I'd presume that they'll have models for all the stuff that was taken down, eventually, bar a few no-model units that always are in these new dexes. As for a full revamp, they still have older models up, so I doubt they'll revamp the entire range, but with this many taken down, they might as well have, and that's all the better!


----------



## gen.ahab (Dec 22, 2009)

I assume they are leaving those ghost models there for second waves or forgeworld releases. Take TWC for instance, they could be waiting for an IA book or some other FW release.


----------



## Shadowfane (Oct 17, 2007)

Jes Goodwin did originally say that every model for the DE range was getting redone, but obviously they wont all be out at once, so things like the Talos, Scourges, etc, you might be better off converting rather than waiting for


----------



## bitsandkits (Mar 18, 2008)

a total revamp is the only way GW can get back any respect for this army, the original model range was poor, there are maybe 3 or 4 metal models i would keep out of the whole range, This is a completely unprecedented move by GW to redesign everything including the core plastic units in one go, massive task as this is in effect a completely new army but at the same time not new. Dont forget that at some point we will see the units that dont already have a model, like the bomber skimmer void raven thingy.


----------



## KhainiteAssassin (Mar 18, 2009)

the whole range seems to be getting redone: though I do believe, possibly, that Talos and Homonculi might be 2 units that will be in the last wave, or not updated atall, since they are back on the site ready and waiting for ordering.


----------



## DonFer (Apr 23, 2010)

bitsandkits said:


> a total revamp is the only way GW can get back any respect for this army, the original model range was poor, there are maybe 3 or 4 metal models i would keep out of the whole range, This is a completely unprecedented move by GW to redesign everything including the core plastic units in one go, massive task as this is in effect a completely new army but at the same time not new. Dont forget that at some point we will see the units that dont already have a model, like the bomber skimmer void raven thingy.

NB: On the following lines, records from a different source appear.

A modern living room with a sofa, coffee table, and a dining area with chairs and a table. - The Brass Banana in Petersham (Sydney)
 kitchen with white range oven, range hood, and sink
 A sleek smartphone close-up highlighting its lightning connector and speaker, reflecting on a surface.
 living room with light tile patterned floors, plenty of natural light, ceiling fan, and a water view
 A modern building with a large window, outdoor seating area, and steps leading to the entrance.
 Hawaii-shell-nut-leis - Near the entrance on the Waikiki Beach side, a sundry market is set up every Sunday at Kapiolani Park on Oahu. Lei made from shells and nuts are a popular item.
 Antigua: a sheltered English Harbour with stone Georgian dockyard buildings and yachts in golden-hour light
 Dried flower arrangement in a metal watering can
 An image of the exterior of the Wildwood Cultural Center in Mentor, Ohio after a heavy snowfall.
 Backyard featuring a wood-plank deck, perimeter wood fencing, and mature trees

A move that I hope GW repeats with Grey Knights. I must say GW has managed to do something no one thought possible, by delivering a new range of well done, and why not say, beautiful new minis. Let's hope they keep the momentum.


----------



## DavC8855 (Oct 14, 2008)

What about actually releasing The Decapitator? GW never released him from back in the day. Anyone here about more special characters?


----------



## hungryugolino (Sep 12, 2009)

To be honest though, the Grey Knight models just need to be in plastic instead of pewter. They're presentable, unlike the old DE.


----------



## Shaun_wi (Oct 8, 2008)

I'v seen the codex today and all the range is being re-done by the looks of it just not all at the same time (they will be released in waves). Theres a few new special characters as well as the older ones (Urian, Decapitator, Vect, Drazzar). All in all I was very impressed with both the models and the rules


----------



## KhainiteAssassin (Mar 18, 2009)

Shaun_wi said:


> I'v seen the codex today and all the range is being re-done by the looks of it just not all at the same time (they will be released in waves). Theres a few new special characters as well as the older ones (Urian, Decapitator, Vect, Drazzar). All in all I was very impressed with both the models and the rules


I so hope your right on this. though i like the old talos. I wana field homunculi eventully, and those models are horrid


----------



## LuLzForTheLuLzGoD (Apr 3, 2010)

@khainiteassassin

you are a wolves player......they just got a new rape book and you are already going to DE:s......you either have too much money or have a very short attention span:/ just pick an army already


----------



## KhainiteAssassin (Mar 18, 2009)

LuLzForTheLuLzGoD said:


> @khainiteassassin
> 
> you are a wolves player......they just got a new rape book and you are already going to DE:s......you either have too much money or have a very short attention span:/ just pick an army already


1. I have plenty of money to field multiple armies.
2. I have ADD so I do have a short attention span
3. I have ALWAYS been interested in dark eldar, and dark elves. Please note that my name is KHAINITEASSASSIN. Do you know the meaning of it? Assassin of Khaine, which is less relevant for Dark Eldar. The point is, I do have my SW, I will not stop playing my SW because im going to collect DE aswell, but I like having 2 armies, it makes gaming FAR more interesting.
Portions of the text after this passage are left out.